> Record set:
######
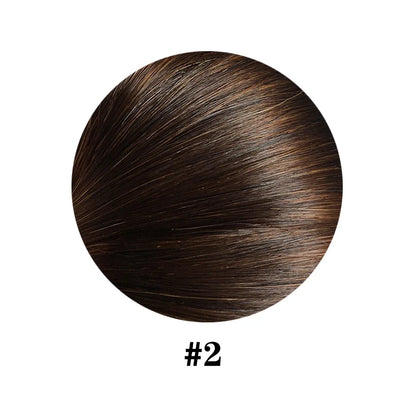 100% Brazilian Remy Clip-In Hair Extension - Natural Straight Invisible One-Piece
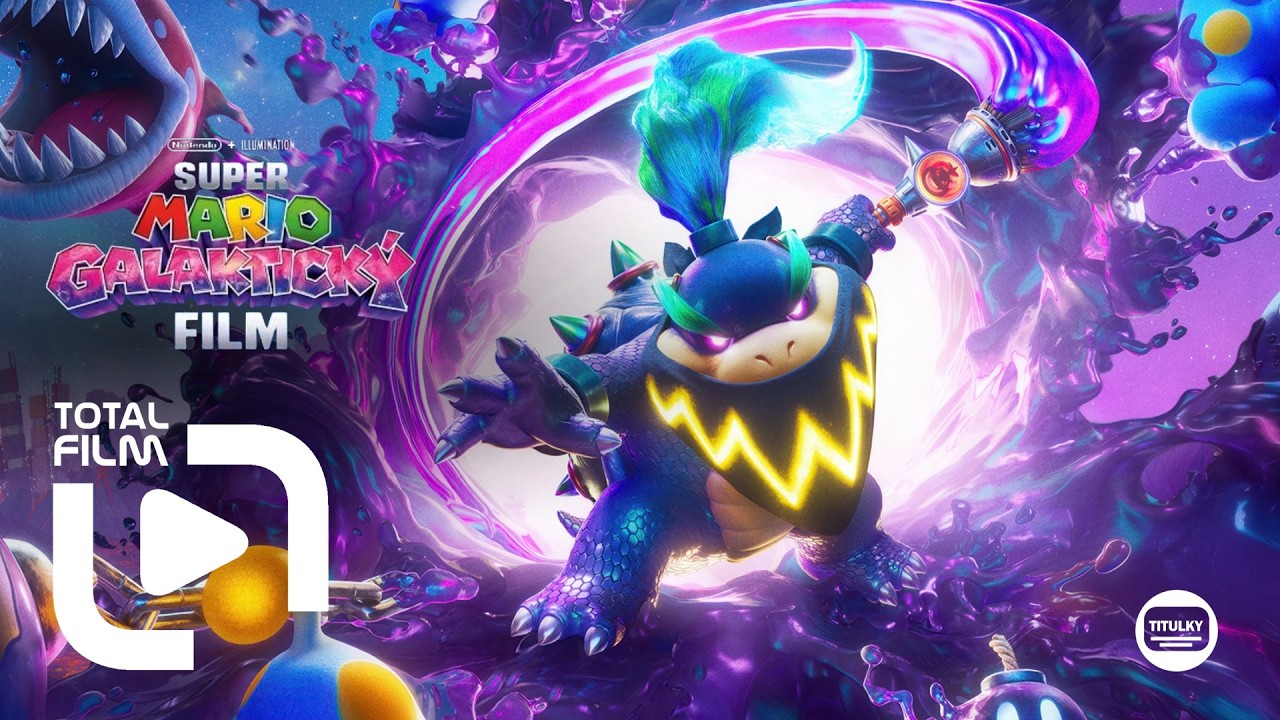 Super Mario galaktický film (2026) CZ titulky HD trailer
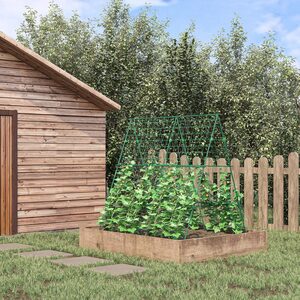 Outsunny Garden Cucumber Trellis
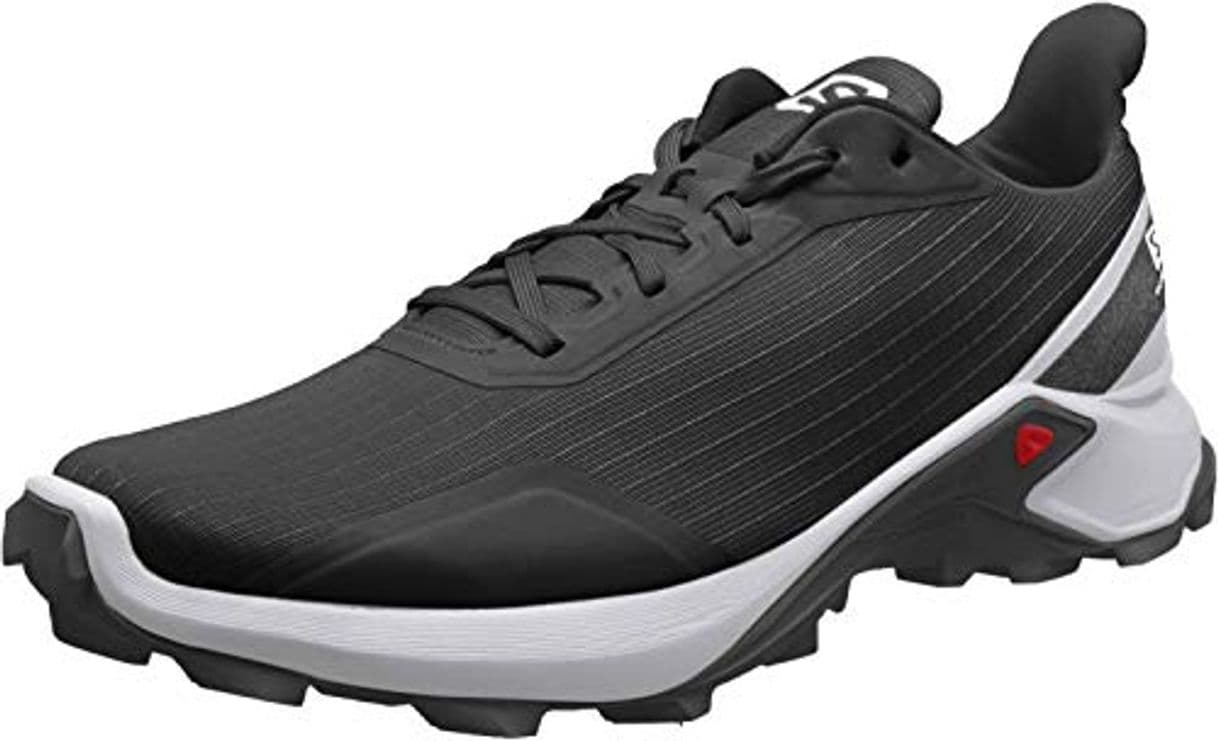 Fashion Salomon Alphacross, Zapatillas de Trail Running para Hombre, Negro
######
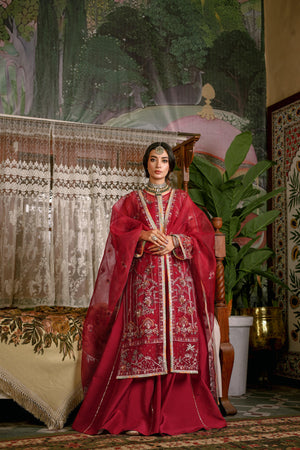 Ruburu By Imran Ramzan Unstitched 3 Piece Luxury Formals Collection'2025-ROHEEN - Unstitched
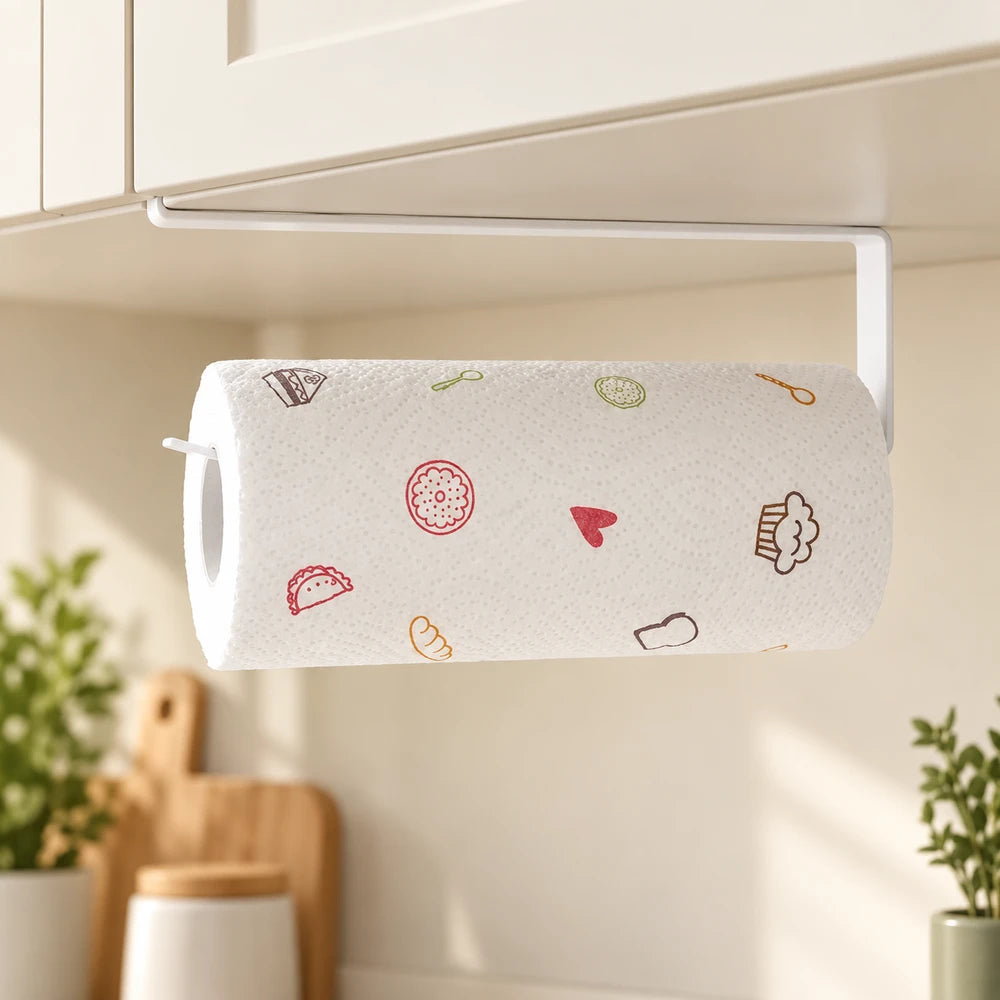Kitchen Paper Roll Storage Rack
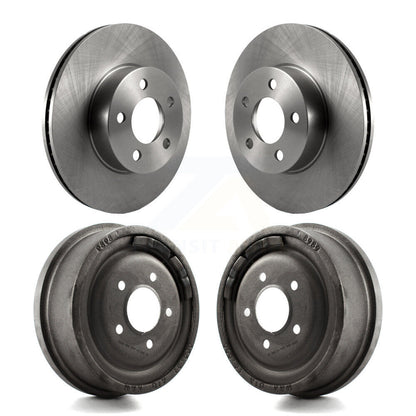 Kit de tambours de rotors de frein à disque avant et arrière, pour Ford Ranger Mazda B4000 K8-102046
######
Word for word, write out the lines above running from the one with "Outsunny Garden Cucumber Trellis" up to and including the one with "Fashion Salomon Alphacross, Zapatillas". Drop any picture.

 Outsunny Garden Cucumber Trellis
 Fashion Salomon Alphacross, Zapatillas de Trail Running para Hombre, Negro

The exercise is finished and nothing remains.